Patrick Keating doesn’t have to return. The 1989 graduate is living old-time radio today, writing radio-style mystery plays—complete with actors, narrators, sound effects and musicians—that are produced on stage and broadcast on radio. With a tip of the fedora to the 1940s classic “Yours Truly, Johnny Dollar,” for instance, Keating wrote With Best Regards, Ronnie Silver about a female insurance investigator who helps an old chum, Kelley Damiani, and winds up involved in the Damiani Diamond Mystery.
Keating, a writer and photographer for the Michigan Chronicle newspaper in Detroit, traces his interest in old-time radio back 30 years to a family vacation when he was 11 years old. “I bought a cassette of ‘The Green Hornet’ because I wanted to hear what radio sounded like around the time when my dad was born,” he says. “I was hooked.”

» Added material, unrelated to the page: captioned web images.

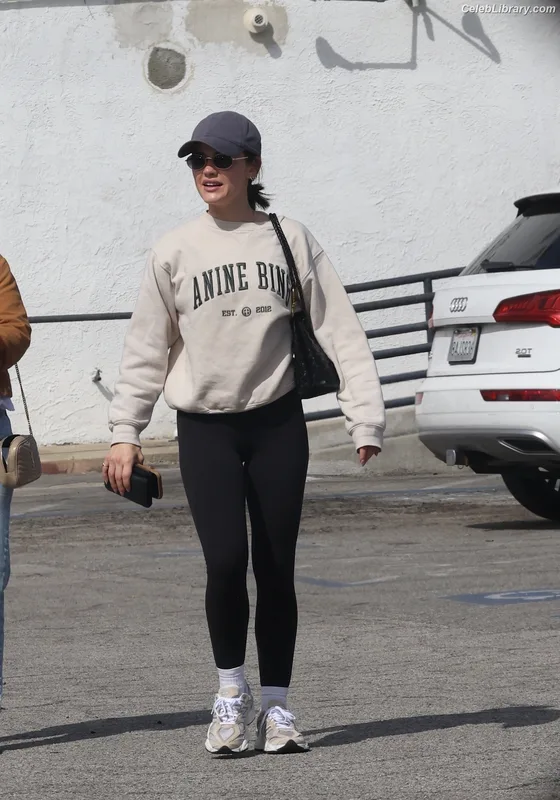Lucy Hale photo 10 of 808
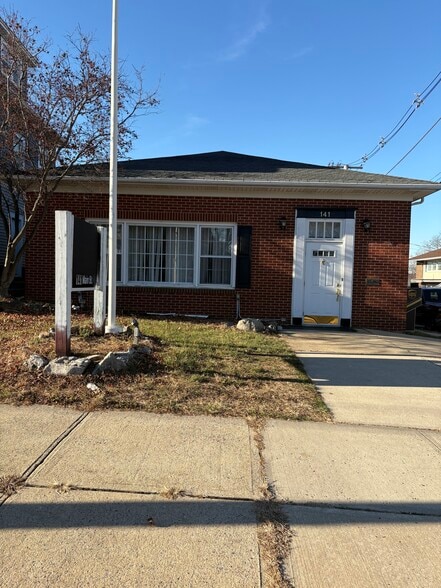 More Photos Of 141 Main St, South River Office For Sale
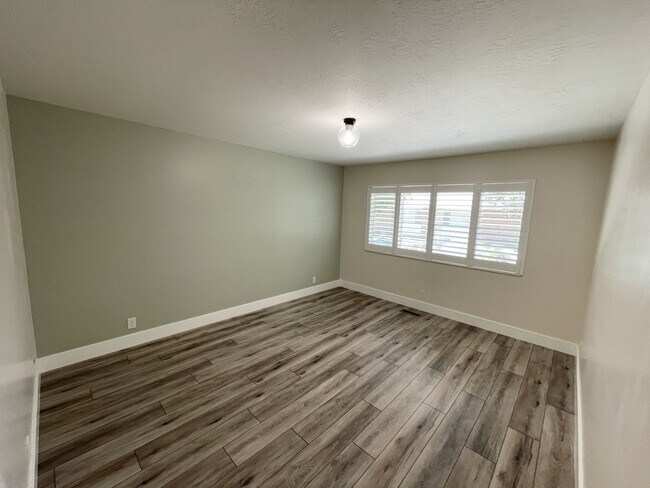 Building Photo - 852 E Three Fountains Dr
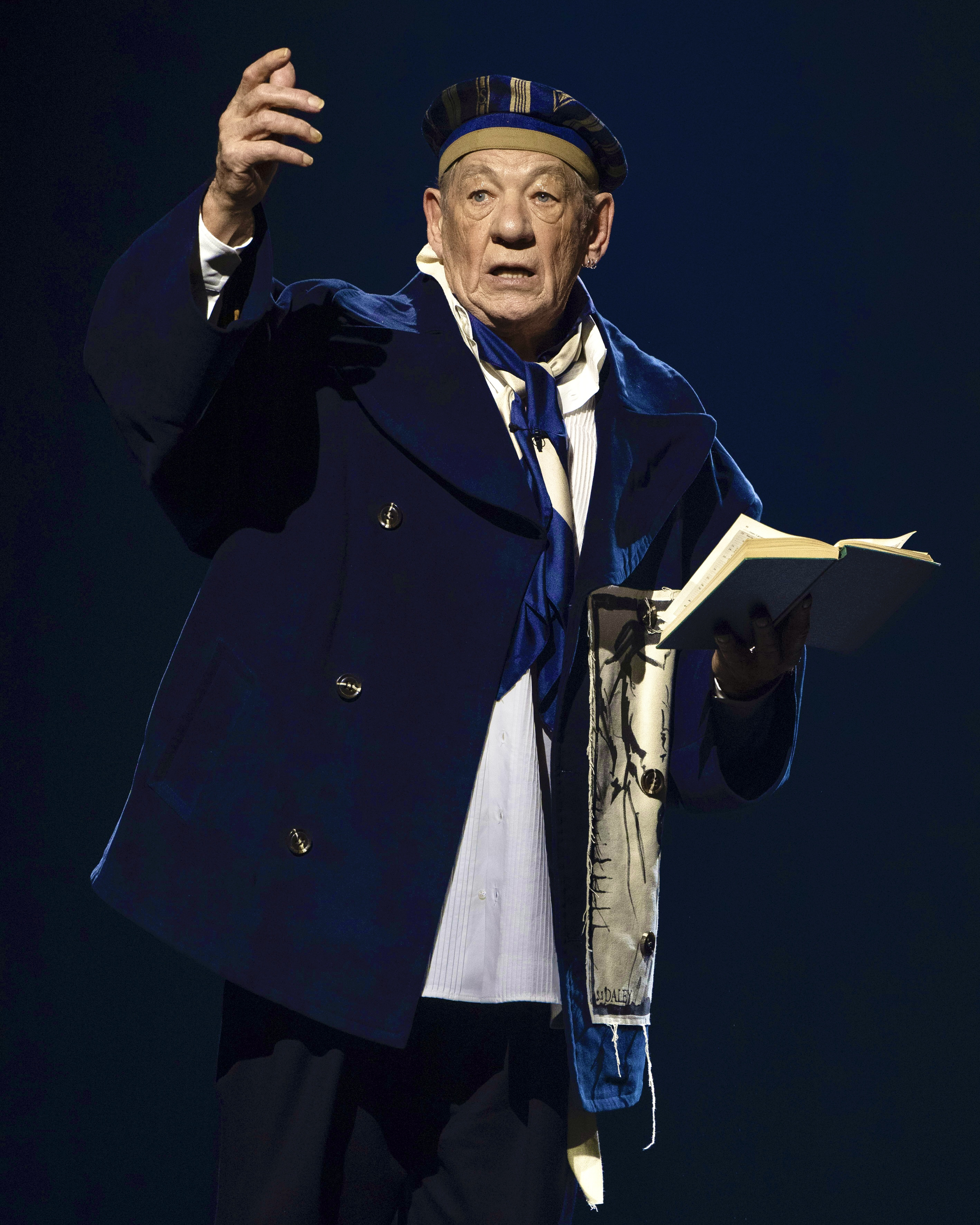 S.S. 달리 2023 F/W 컬렉션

So, will old-style radio ever make a comeback? “Well, it never completely went away in England,” he says. “I think there will always be an interest in it, but I don’t know if it will ever return to where it was in its hey-day.”
As for today’s talk-talk-talk radio, Keating wants nothing to do with it. “I do not listen to talk radio. I have no interest in it,” he says. “I listen to music or tapes of old-style radio.”